*Task item:* Among the entries below, the lines from the one with "Young Boy Enjoying" up to and including the one with "Photo 4 of ANTIQUE" are to be restated exactly, without pictures.

*Dataset:*

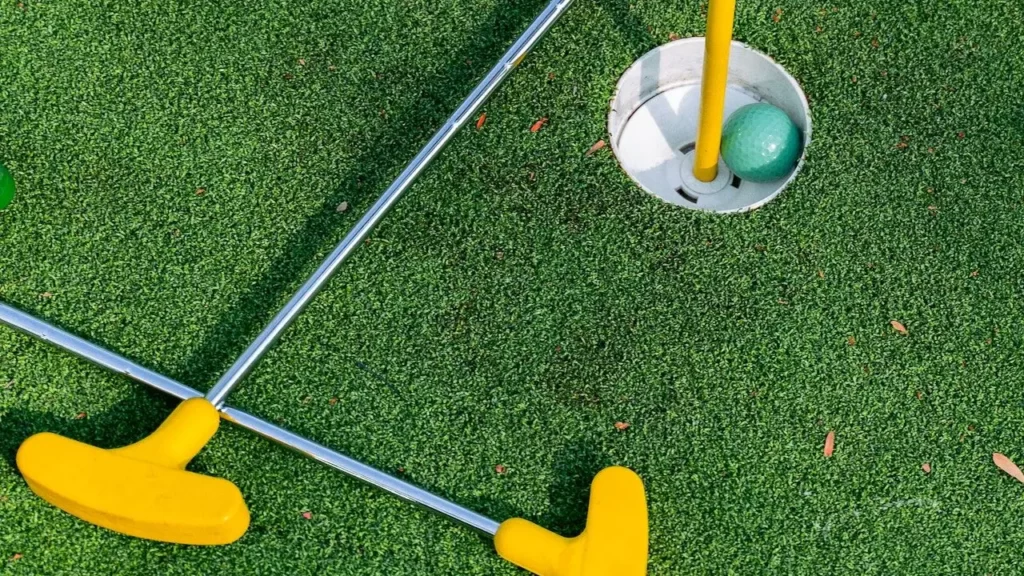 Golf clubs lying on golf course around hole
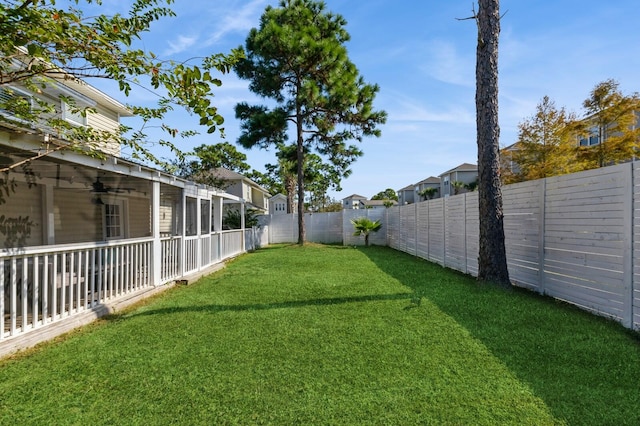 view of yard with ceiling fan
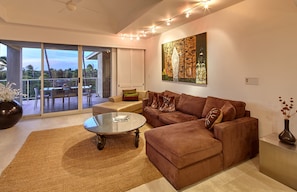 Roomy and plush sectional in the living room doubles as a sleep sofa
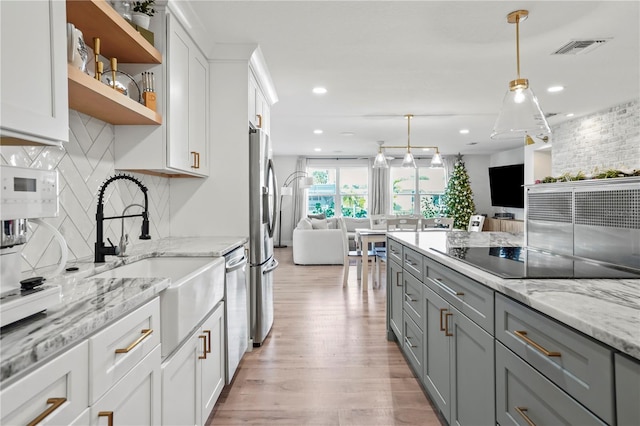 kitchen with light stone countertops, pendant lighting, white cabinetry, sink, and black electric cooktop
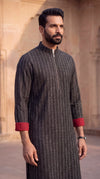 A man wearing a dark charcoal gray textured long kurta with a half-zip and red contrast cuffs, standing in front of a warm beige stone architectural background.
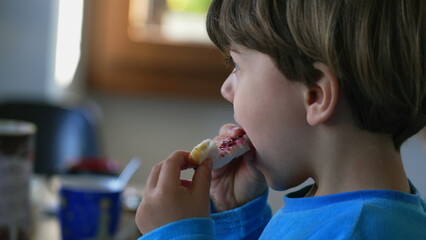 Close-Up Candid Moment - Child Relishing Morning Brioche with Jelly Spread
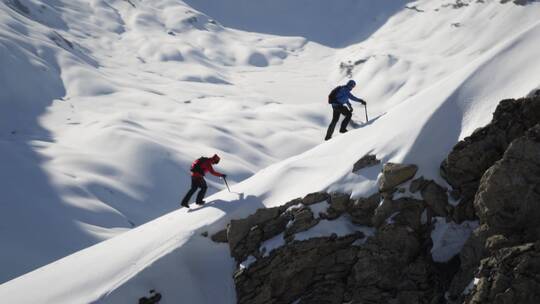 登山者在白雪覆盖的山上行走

...

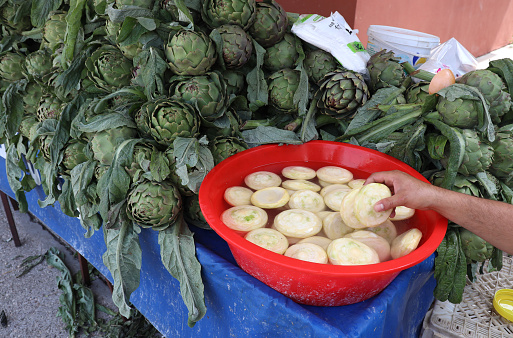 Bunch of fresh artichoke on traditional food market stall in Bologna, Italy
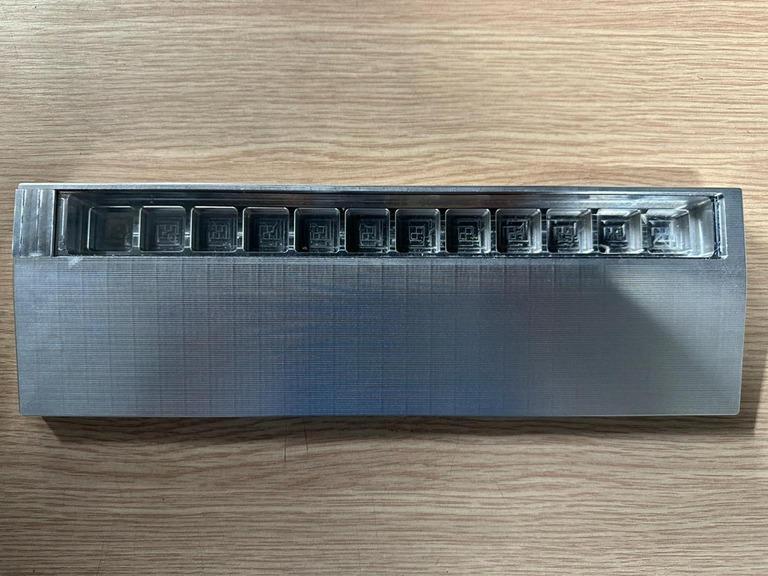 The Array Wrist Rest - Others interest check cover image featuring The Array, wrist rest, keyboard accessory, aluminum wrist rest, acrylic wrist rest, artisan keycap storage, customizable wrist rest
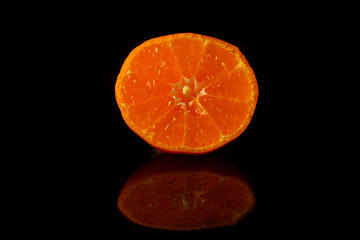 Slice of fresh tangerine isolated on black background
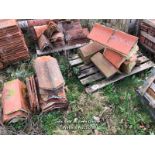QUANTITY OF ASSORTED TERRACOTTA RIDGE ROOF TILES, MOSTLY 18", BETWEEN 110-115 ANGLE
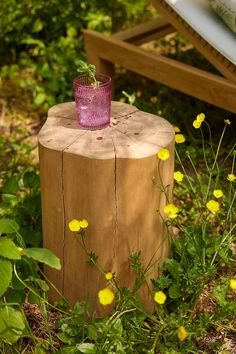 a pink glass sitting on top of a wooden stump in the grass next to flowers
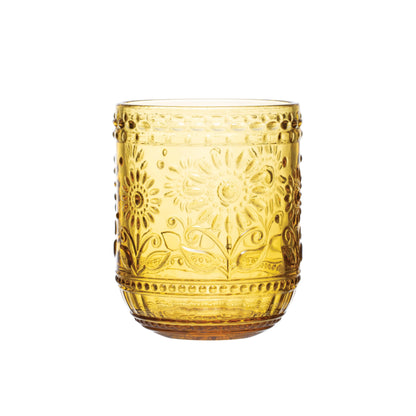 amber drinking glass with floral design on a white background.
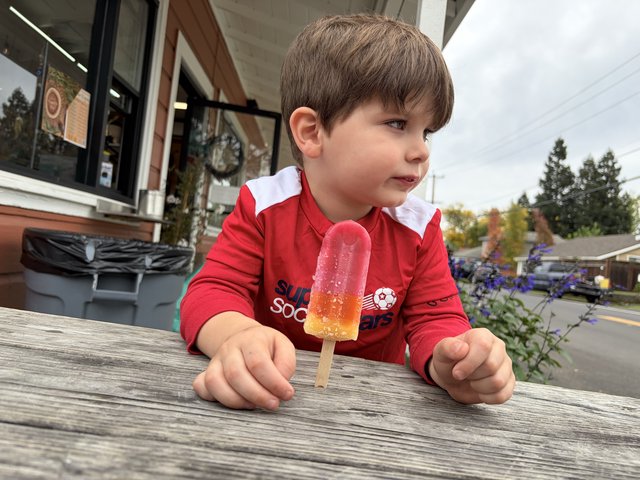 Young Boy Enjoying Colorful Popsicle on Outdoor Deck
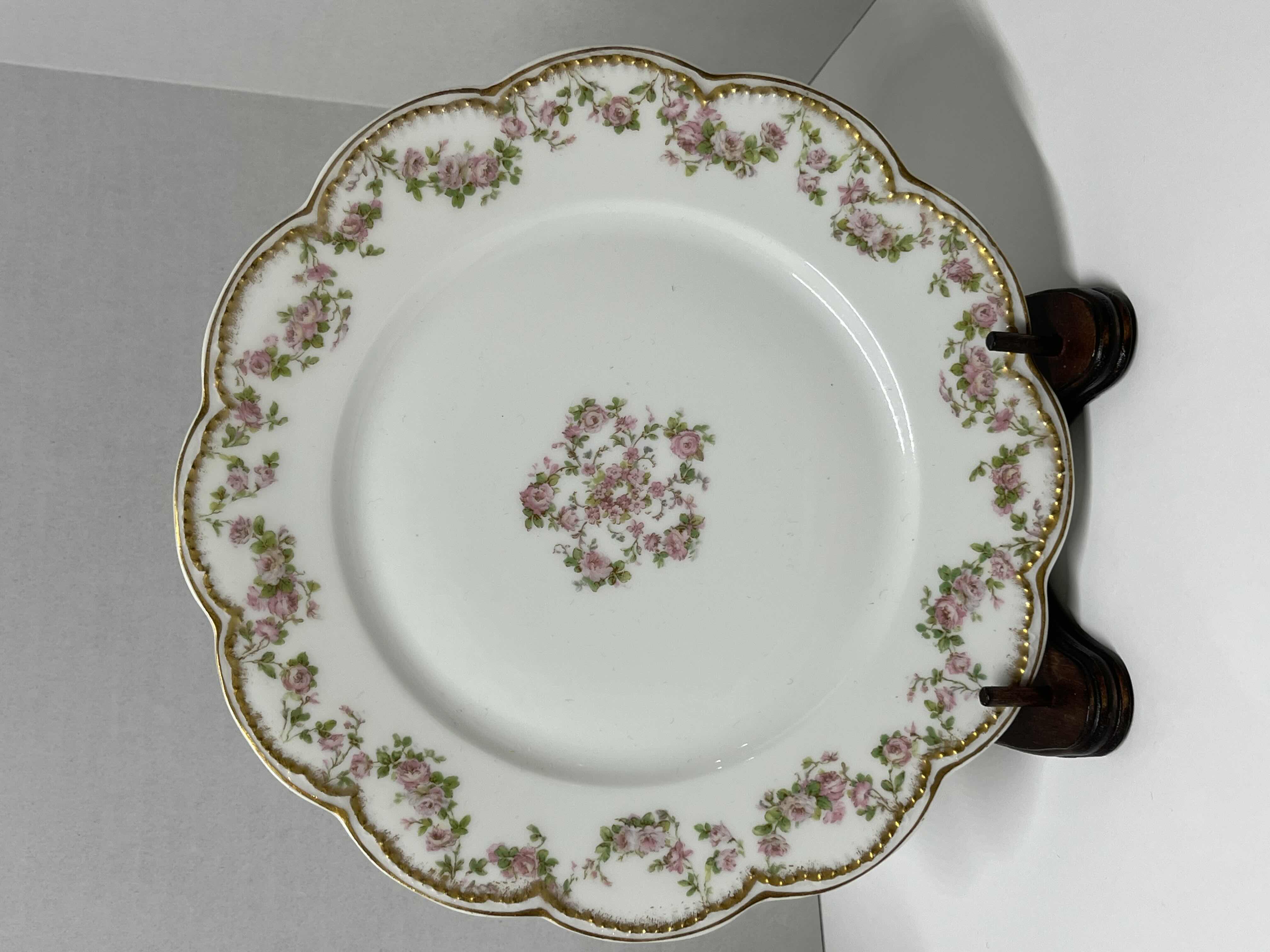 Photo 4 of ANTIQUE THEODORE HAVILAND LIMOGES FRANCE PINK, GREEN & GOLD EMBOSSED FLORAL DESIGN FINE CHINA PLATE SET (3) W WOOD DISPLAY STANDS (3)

*Task result:*
 Young Boy Enjoying Colorful Popsicle on Outdoor Deck
 Photo 4 of ANTIQUE THEODORE HAVILAND LIMOGES FRANCE PINK, GREEN & GOLD EMBOSSED FLORAL DESIGN FINE CHINA PLATE SET (3) W WOOD DISPLAY STANDS (3)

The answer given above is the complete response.